Using colour, mirrors and warm materials such as timber and brass, architect Ben Allen has changed an early brutalist maisonette in Bethnal Green into a homely sanctuary

Keeling House is one of Bethnal Green’s architectural landmarks, a 16-storey residential block designed as council housing by architect Denys Lasdun in the mid-1950s, arranged as four wings around a central service block. Since Tower Hamlets closed the building in 1992, it’s had a renaissance that’s entirely predictable for its E2 postcode: listed in 1993, then sold to a private developer and reimagined as luxury apartments at the turn of the millennium, it is now a magnet for fans of early brutalist buildings.

Architect Ben Allen is one such fan. He’s lived in one of the maisonettes here with his wife Frances since 2016, but it wasn’t until they decided to tackle one unfortunate by-product of living in a 1950s listed building with large single-glazed windows – the cold – that they decided to undertake a comprehensive renovation. The flat needed insulating internally and new underfloor heating laid to replace the inefficient electric radiators, a level of disruption that meant it made sense to re-think the place as a whole.
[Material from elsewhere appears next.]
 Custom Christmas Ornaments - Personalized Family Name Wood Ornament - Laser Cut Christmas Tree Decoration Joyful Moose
Those Crittall windows, painted white, were really bright, and I wanted to introduce a bit of warmth

In addition, the renovated flats may have been structurally sound but they were pretty bland, and Allen wanted to stamp more of his mark on the place. “There aren’t any photographs of what the original interiors looked like, but minimalism wasn’t a thing then – not that I was trying to recreate what it would have looked like in the fifties,” he says, “but those Crittall windows, painted white, were really bright, and I wanted to introduce a bit of warmth.”
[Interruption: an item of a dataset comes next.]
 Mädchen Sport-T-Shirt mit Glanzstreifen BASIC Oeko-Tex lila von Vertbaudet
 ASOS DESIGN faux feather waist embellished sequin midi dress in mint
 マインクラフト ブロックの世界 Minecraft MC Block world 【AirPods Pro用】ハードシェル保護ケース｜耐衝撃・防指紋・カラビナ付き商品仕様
A further motivation was finding a way to display his collection of objects, including architectural models, prototypes, found objects and a series of artworks gifted to Allen by artist Olafur Eliasson during several years working at Eliasson’s Berlin studio. As an architect, Allen says that he usually spends his time designing homes where knocked-down walls and ceilings create new and dramatic spaces, but as that wasn’t possible here, those elements of delight and spacial drama had to come from somewhere else, and the Eliasson pieces provided the clue.
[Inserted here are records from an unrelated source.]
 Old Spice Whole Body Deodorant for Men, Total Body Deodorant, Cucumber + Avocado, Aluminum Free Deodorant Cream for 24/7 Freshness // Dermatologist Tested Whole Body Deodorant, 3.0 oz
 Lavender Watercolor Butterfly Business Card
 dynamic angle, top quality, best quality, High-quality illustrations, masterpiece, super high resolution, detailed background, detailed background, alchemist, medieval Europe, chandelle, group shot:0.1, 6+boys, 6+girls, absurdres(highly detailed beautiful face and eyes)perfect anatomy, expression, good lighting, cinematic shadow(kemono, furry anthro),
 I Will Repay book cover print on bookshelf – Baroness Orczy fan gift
“A lot of them are mirrors – they are sort of mini-installations, like little optical tricks. And I’m also a bit obsessed with the Soane Museum, and the way Soane used mirrors to make ceilings look like they continue, or to see round corners,” he says. So, mirrored surfaces have ended up supplying that sense of playfulness, manipulating our perception space, with Allen designing several pieces that chime in with the reflected geometry of his Eliasson collection. These include floating shelves beside the beds with an oval-shaped wall plate and brass shelves, a vanity unit in a similar style and two pairs of semi-circular mirrors in the bathroom that give the effect of two floating spheres.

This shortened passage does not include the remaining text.